Saturday, January 3, 2015

A singular focus -or- What it feels like to go back to teaching

The magical red bucket.

It all started with a red bucket. The very one pictured above.

That's the bucket I took with me to an interview for a teaching job in June last year. I was told to be prepared to present a lesson that I had developed, taught and assessed. I wracked my brain for the most memorable lesson I had used as an English teacher. I even gathered up photos of my old classroom with students reading and interacting and even some samples of old student work. I walked in to that interview confident with that red bucket tucked under my arm!

I got the job.  The boys and I took off for Alaska within weeks of the good news to join Aquaman who was already fishing.

I began reading what my future students had been assigned for the summer. Here's proof - me with the book on board a seiner with Aquaman.


Damn boring, if you want to know the truth.

That was pretty much the last time I came up for air.

In July, I went to a teaching conference. In August, I began planning lessons. I walked into a classroom that looked like this:




And turned it into this:

Yes, the door involves Hello Kitty. 

And a Hello Kitty calendar. I may have a problem.




The lesson I had in that red bucket at my interview is what started off the year.

Since then, I've been buried in literature and professional development and benchmarks. Learning an entirely new pedagogy. Memorizing 150 student names and getting to know them. Grading 150 student essays. Then 150 more student essays. Then hundreds more poems. Uploading and emailing and calling parents. Twelve hour days were standard. If I got in and out under 10 hours, I felt giddy.
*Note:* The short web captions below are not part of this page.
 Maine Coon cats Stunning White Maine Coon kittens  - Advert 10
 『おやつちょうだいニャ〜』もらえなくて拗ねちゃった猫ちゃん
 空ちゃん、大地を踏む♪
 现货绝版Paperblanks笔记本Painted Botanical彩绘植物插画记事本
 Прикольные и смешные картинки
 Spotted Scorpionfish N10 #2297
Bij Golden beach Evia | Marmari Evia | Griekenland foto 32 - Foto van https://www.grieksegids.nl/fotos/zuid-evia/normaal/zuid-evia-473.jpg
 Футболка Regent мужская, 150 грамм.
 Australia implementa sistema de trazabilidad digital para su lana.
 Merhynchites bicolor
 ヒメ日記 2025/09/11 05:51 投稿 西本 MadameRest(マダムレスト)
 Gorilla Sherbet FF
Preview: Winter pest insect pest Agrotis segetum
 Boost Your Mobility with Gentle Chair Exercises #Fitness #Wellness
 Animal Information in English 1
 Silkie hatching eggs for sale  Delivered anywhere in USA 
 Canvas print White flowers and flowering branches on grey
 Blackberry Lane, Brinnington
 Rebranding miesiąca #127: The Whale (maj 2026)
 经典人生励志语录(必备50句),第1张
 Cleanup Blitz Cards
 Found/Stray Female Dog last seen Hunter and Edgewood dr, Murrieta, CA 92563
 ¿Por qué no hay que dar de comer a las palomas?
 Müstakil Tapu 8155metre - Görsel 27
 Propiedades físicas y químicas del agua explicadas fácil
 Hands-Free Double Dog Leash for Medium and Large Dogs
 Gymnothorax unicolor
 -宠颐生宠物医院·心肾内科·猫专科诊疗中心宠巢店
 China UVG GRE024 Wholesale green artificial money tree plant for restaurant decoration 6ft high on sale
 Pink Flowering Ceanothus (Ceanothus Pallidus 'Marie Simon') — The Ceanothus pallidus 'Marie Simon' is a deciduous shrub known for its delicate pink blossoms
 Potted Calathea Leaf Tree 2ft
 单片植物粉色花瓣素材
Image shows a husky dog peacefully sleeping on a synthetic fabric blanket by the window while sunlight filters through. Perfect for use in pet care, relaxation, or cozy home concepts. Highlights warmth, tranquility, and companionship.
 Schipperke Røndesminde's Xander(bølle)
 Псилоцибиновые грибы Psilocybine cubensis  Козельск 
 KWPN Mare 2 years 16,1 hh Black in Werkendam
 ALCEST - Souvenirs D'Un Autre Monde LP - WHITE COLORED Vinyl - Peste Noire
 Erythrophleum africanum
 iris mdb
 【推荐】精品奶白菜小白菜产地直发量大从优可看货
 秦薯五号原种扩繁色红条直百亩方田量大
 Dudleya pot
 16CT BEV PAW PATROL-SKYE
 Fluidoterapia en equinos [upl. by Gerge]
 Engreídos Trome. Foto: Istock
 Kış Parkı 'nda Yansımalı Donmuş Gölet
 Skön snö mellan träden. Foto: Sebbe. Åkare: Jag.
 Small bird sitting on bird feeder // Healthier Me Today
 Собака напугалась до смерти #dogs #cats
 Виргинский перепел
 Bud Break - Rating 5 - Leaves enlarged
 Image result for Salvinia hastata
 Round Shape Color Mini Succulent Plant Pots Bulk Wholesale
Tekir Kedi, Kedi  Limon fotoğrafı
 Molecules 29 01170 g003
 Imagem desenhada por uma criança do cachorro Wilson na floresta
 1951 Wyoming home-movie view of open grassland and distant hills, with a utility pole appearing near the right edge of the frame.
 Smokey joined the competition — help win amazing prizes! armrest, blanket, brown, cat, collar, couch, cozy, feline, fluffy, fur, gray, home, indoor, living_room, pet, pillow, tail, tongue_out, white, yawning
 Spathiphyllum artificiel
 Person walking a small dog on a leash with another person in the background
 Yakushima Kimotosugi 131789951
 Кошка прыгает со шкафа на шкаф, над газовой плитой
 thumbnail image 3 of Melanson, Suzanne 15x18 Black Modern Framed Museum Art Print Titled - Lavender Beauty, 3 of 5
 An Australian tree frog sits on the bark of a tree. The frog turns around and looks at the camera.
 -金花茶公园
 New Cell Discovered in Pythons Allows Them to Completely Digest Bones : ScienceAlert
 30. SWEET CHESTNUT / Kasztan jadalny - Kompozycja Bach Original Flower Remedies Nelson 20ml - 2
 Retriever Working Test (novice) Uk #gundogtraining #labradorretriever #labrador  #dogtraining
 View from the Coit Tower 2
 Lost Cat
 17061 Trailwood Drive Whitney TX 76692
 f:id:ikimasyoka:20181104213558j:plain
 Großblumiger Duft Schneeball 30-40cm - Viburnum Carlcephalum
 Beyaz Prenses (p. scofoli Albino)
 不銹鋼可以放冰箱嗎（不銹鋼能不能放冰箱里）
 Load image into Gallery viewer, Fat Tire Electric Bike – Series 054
At times, delightful reading.
At other times, mind numbing.


There has been no time for my own writing. I've been writing curriculum. I've been writing poetry and essays to use as exemplar models for my students. No personal essays. No blogging.

It is all consuming.

Did I mention the reading? Besides curriculum guides and lesson plans and articles about teaching literature, I also read (or re-read) whatever novels I had to teach. Here's what was on deck this fall:

7th grade:
1) The Giver by Lois Lowry
2) The Maze Runner by James Dashner
3) The Outsiders by S.E. Hinton
4) The Pearl by John Steinbeck

8th grade:
1) Johnny Tremain by Esther Forbes
2) The Red Badge of Courage by Stephen Crane
3) Of Mice and Men by John Steinbeck
4) When the Emperor Was Divine by Julie Otsuka
5) Cry, the Beloved Country by Alan Paton

For the student book club that I sponsor:
1) Doll Bones by Holly Black
2) Eleanor & Park by Rainbow Rowell
3) Ender's Game by Orson Scott Card
4) Pride and Prejudice by Jane Austin
5) The Little Prince by Antoine de Saint-Exupery

Additional Research and Reading:
1) In the Middle: New Understandings About Writing, Reading, and Learning by Nancie Atwell
2) The Essential Criticism of John Steinbeck's Of Mice and Men edited by Michael J. Meyer
3) Classics in the Classroom by Carol Jago
4) With Rigor For All: Teaching the Classics to Contemporary Students by Carol Jago
5) Papers Papers Papers: An English Teacher's Survival Guide by Carol Jago
6) Naming the World: A Year of Poems and Lessons by Nancie Atwell
7) Lessons that Change Writers by Nancie Atwell

I'm sure there's more reading that I've forgotten I did.

Did I mention the bulletin boards? That's my favorite part!

Students add quotes from books - a sort of recommendation wall. 
Such a great quote.
August/September. You can't go wrong with Whitman.

October-scary stuff!
November-books teachers are thankful for.
One of my all time favorite books.

Here's why.

December. What'd you expect? I mean really.

I also celebrated a birthday in there, went on a field trip with 100 8th graders, chaperoned a dance, and gave in to student requests to be the faculty sponsor for a student-led book club.

She who wears the crown must be obeyed. Right?
This was the bus ride there.
Notice there isn't one on the way back. 

Did you know you text requests to the DJ now? Fancy!





I have made myself take a break these last two weeks. That means that I only read two books that were related to school and only emailed a handful of times to confirm my new teaching schedule for the spring that will involve a new syllabus, eleven more novels that I must pick for 30+ additional students I will have, and to welcome a new teacher that I will collaborate with.

You know the most surprising part of all?

I am loving being back in the classroom. I missed it. I was gone from it for three years.

Kids can be real bad. Real, read bad. But they can also be real sweet. Real, real sweet. They give you things. Things they think you'll like. So if they see one Hello Kitty item on your desk, get ready. For things like this:

First gift from a student this year. And it was from a boy!
Boys secretly love Hello Kitty.

Did you know there was Hello Kitty canvas art?

Hello Kitty as an Elf. No better combination.

And they'll make you things. Like this:

Just because. 

Our Of Mice and Men book cover - student rendition.

Favorite student quote from The Outsiders.

And they'll do annoying things like take a selfie of you and themselves with your phone while you're busy with another student.


And you'll marvel at how they can be so frustrating and so smart and so clueless and so wonderful all at the same time.

I think they might actually be learning something with me. So I'll just keep swimming - trying to keep my head above water. Maybe I'll eventually be able to do more than tread water. Maybe I'll learn a few new strokes and be able to look around at the shore by the time June rolls around again.

But until then? You won't be hearing much from me. Which was really the whole point to this post - to let you know why I'm M.I.A. on this here blog. It's for something I care a lot about. And it's all part of a big plan Aquaman and I hatched many years ago so that I would have the summers off with the boys and we could all go to Alaska and join him while he fished for the summer. It might actually be happening, that plan. Fingers crossed.